Trump scarica su Rosenstein la colpa di un impianto accusatorio che ha portato alla nomina di un procuratore speciale, Robert Mueller, che con un formidabile team di legali sta sollevando ogni tappeto della Casa Bianca. Il suo mandato è vasto. Rosenstein gli ha dato il potere di indagare sulle connessioni con il Cremlino e su “tutto ciò che è direttamente legato a quel caso”. Dall’incessante flusso di leak sappiamo che sotto inchiesta è finito anche il “segretario di qualunque cosa”, Jared Kushner, e che il vicepresidente, Mike Pence, ha deciso di assumere un avvocato. Nel tweet di Trump c’è un notevole problema logico: il presidente sostiene che Rosenstein gli “ha detto di licenziare” Comey, quando in realtà è avvenuto il contrario. E’ stata la Casa Bianca a decidere il licenziamento (che, per inciso, può avvenire per decreto presidenziale e non deve essere motivato) ma voleva una giustificazione del dipartimento di giustizia per legittimare la manovra. Rosenstein, che a quel punto era nel suo ruolo da quattordici giorni, si è trovato a firmare un memorandum in cui si spiegava che Comey veniva licenziato per il modo in cui aveva gestito il caso sulle email di Hillary Clinton. Lo stesso Trump ha incautamente smentito questa versione, lasciando intendere in un’intervista che il direttore era in realtà stato scaricato per i rapporti con la Russia. Il dipartimento di giustizia non l’ha presa bene, per usare un eufemismo.

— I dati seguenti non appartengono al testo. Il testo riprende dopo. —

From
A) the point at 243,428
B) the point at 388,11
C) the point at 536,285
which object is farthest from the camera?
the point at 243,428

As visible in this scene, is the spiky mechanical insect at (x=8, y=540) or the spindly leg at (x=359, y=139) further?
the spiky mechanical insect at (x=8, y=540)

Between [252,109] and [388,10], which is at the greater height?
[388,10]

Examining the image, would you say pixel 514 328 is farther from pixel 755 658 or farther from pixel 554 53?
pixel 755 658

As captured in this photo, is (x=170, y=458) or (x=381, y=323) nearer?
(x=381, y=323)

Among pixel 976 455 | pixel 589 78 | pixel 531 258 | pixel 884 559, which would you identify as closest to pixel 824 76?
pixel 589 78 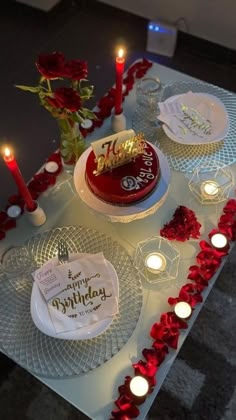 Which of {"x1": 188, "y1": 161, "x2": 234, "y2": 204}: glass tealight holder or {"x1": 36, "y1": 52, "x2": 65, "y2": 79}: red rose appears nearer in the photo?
{"x1": 36, "y1": 52, "x2": 65, "y2": 79}: red rose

In una deposizione al Senato oscurata da altre priorità, Rosenstein ha detto che, in assenza di una giusta causa, non licenzierebbe Mueller nemmeno se glielo chiedesse il presidente: “Se non ci fosse una giusta causa, non m’importerebbe quello che dicono gli altri”. La Casa Bianca non l’ha presa bene, altro eufemismo. Così la guerra è arrivata in superficie. Giovedì sera, quando l’ennesima fonte anonima allargava l’inchiesta anche a Kushner, Rosenstein ha pubblicato una dichiarazione assai irrituale nel tono e nei contenuti: “Gli americani devono esercitare prudenza prima di accettare come veri fatti attribuiti ad anonimi ‘funzionari’, specialmente quando non possono identificare il paese – per non dire la branca o l’agenzia governativa – al quale queste presunte fonti sono affiliate. Gli americani devono essere scettici sulle accuse anonime. Il dipartimento di giustizia tiene la tradizionale linea di non confermare né smentire queste accuse”.
E’ talmente irrituale che sembra scritta dallo staff di Trump. In ogni caso, una dichiarazione del genere è in linea con i desideri della Casa Bianca, che sta facendo di tutto per screditare le accuse, presentando l’operazione alimentata a suon di leak come un complotto politico per via giudiziaria. Una caccia alle streghe, appunto. Attaccando Rosenstein, Trump ha aperto una questione politica che è assai più vasta di quella giuridica, che frettolosamente viene associata alla parola magica, “impeachment” (che però è, appunto, un procedimento politico). Gli elementi noti finora dicono che il presidente potrebbe sopravvivere in qualche modo alle accuse che gli sono mosse, ma lo scenario cambierebbe completamente se, sull’onda della frustrazione, Trump decidesse di licenziare uno fra Rosenstein, Mueller o Sessions, quest’ultimo passato da alleato d’acciaio a consigliere da guardare con sospetto. In quel caso l’ostruzione alla giustizia sarebbe palese (almeno politicamente), e diventerebbe impossibile per lui continuare ad avere l’appoggio dei repubblicani al Congresso, sostegno necessario per evitare la procedura di incriminazione. Le conseguenze dell’aggressione a Rosenstein possono essere letali.